-- EXERCISE INPUTS follows --

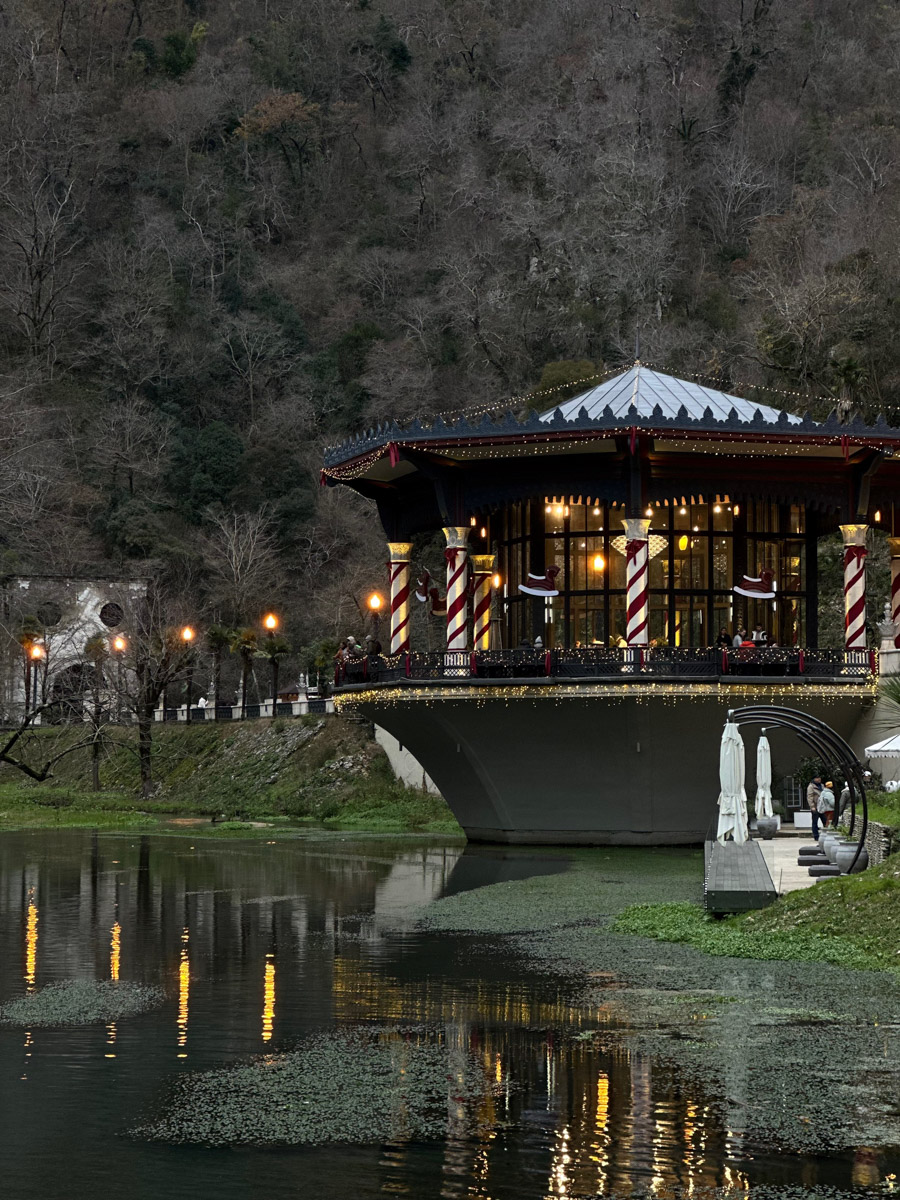 Существует стереотип, будто Абхазия застряла в далеком прошлом. Однако, как известно, сойтись в едином мнении сложно. Владимирская танцовщица Ника Мозгалева оказалась в этой стране всего на один день. Удалось ли ей насладиться местным колоритом, девушка рассказала нашему изданию.
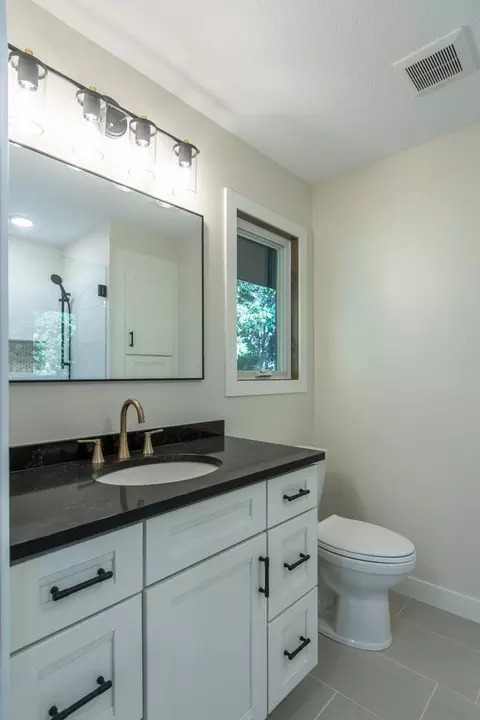 Bath - 16296 Tower Dr, Brainerd, MN 56401 photo 2 of 5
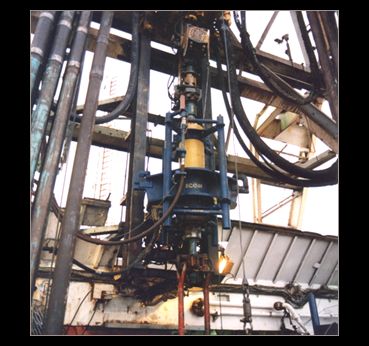 Compensator cylinder on Sedco 703 MUDU.jpg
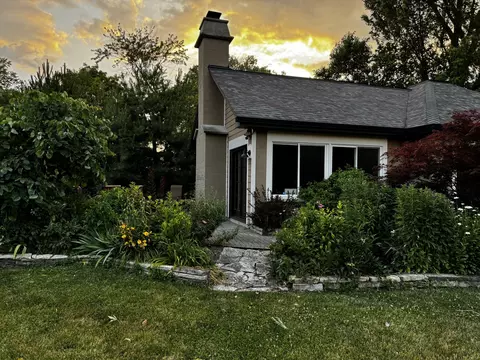 8 S S030 S Vine St, Burr Ridge, IL 60527 photo 3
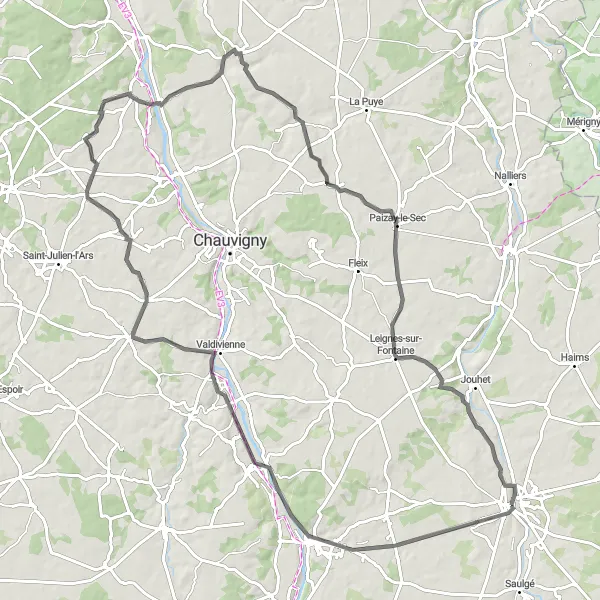 Miniature de la carte de l'inspiration cycliste "Tour panoramique de Lussac-les-Châteaux" dans la Poitou-Charentes, France. Générée par le planificateur d'itinéraire cycliste Tarmacs.app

-- EXERCISE INPUTS concluded --

WHAT IS NEEDED: With every picture left out, print exactly the lines from the one containing "Bath - 16296" through the final line of the material above.

TASK SOLUTION:
 Bath - 16296 Tower Dr, Brainerd, MN 56401 photo 2 of 5
 Compensator cylinder on Sedco 703 MUDU.jpg
 8 S S030 S Vine St, Burr Ridge, IL 60527 photo 3
 Miniature de la carte de l'inspiration cycliste "Tour panoramique de Lussac-les-Châteaux" dans la Poitou-Charentes, France. Générée par le planificateur d'itinéraire cycliste Tarmacs.app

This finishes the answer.